Riding a bike in heels is fine, especially with flat pedals.
Riding a bike in heels is fine, especially with flat pedals.
But there is that fantasy. When I’m sitting by the window and I hear heels clicking on the pavement below, I imagine a slim, elegant, sexy young woman outside on her way to an editing job at Conde Nast, or a fancy cocktail party. I imagine myself in those heels, strutting down the sidewalk, turning heads, instead of sitting at my computer grading homeworks or debugging code.

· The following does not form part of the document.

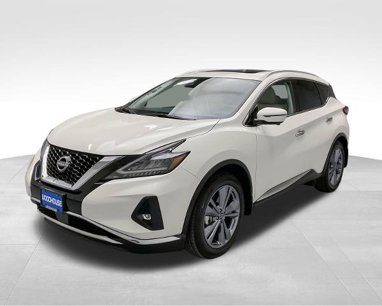 Certified 2024 Nissan Murano Platinum w/ Cargo Package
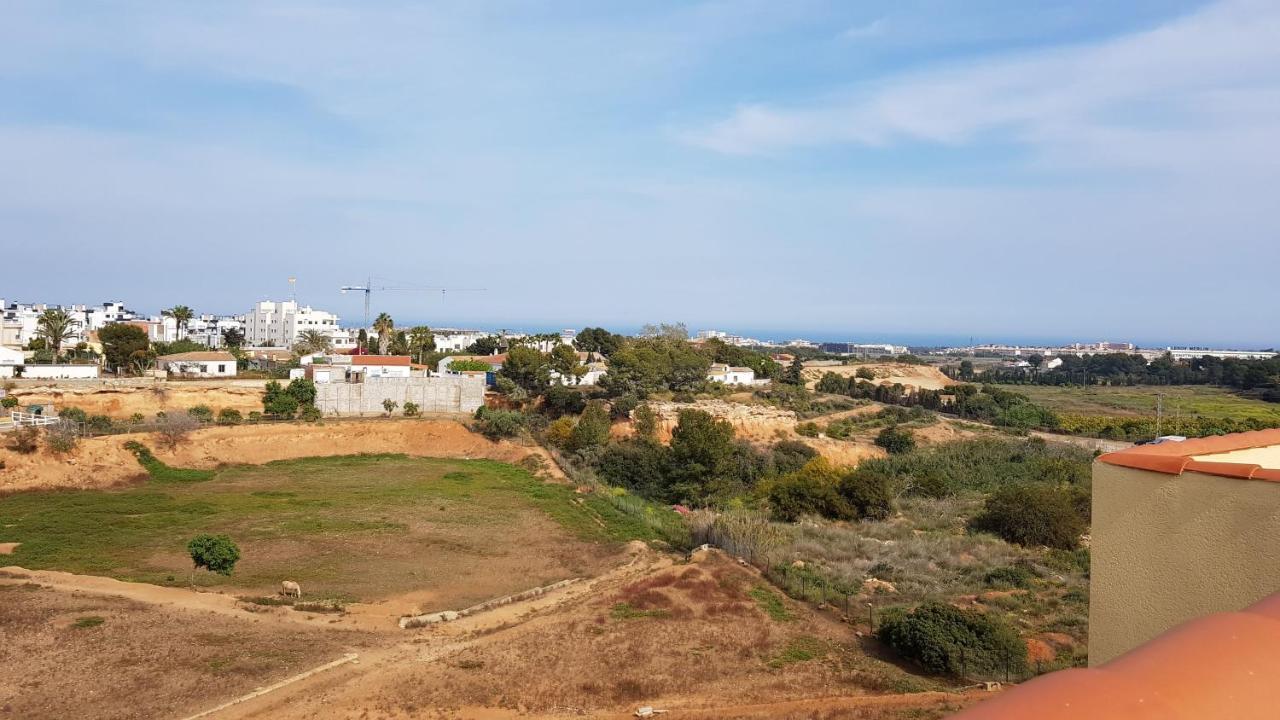 3 Bdr House Near La Zenia Private Lounge Terraces, Fire Places, Bbq, Kitchen, Parking オリウエラ エクステリア 写真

And then sometimes I get a chance to put on my own heels and go clicking down the sidewalk in Greenwich Village. At first I feel elegant and sexy and I see men and women looking at me, but are they looking because they think I’m elegant, or because they think I look silly? Are the heels making too much noise? I want to go faster but I can’t without worrying about slipping or losing my balance. Watch out for those cobblestones! One of my heels just got stuck in the subway grate. And then my feet start to hurt. I have to walk even slower. Can I still look elegant with my feet hurting so much? Fortunately the creepy guy who was following me and saying “hey baby” seems to have given up and gone away.

So I take the shoes off at the end of the day and my feet are sore for days. I’m glad I don’t have to wear those every day! I would get used to them to a degree, but never completely. Imagine if I had a job where they expected it? But in a few days I hear heels clicking outside my window again and I don’t think about how much of the attention was unwelcome. I don’t think about how physically painful it was to walk in them. I don’t think about how limited my movement felt. I just think about how elegant and sexy the wearer of those shoes must be.

The disconnect doesn’t just apply to the person who’s wearing heels. I fantasize about dating or kissing elegant women in heels, but I know plenty of women who wear heels that I have absolutely no desire to kiss. I’ve been on dates with women who were sexy, even elegant, but distracted and uncomfortable in their heels. I’ve been on dates with women who were sexier and more elegant in flats. I’ve gone on long, romantic walks that wouldn’t have been possible if either of us had been wearing heels. And I’ve had fabulous sex with women who’ve worn heels maybe five days in their entire lives.

That disconnect between fantasy and reality is a perfect example of glamour. It’s a fantasy that persists, sometimes in the face of massive evidence. It’s important to acknowledge it and examine it, but a massive guilt trip is not the way to stop it.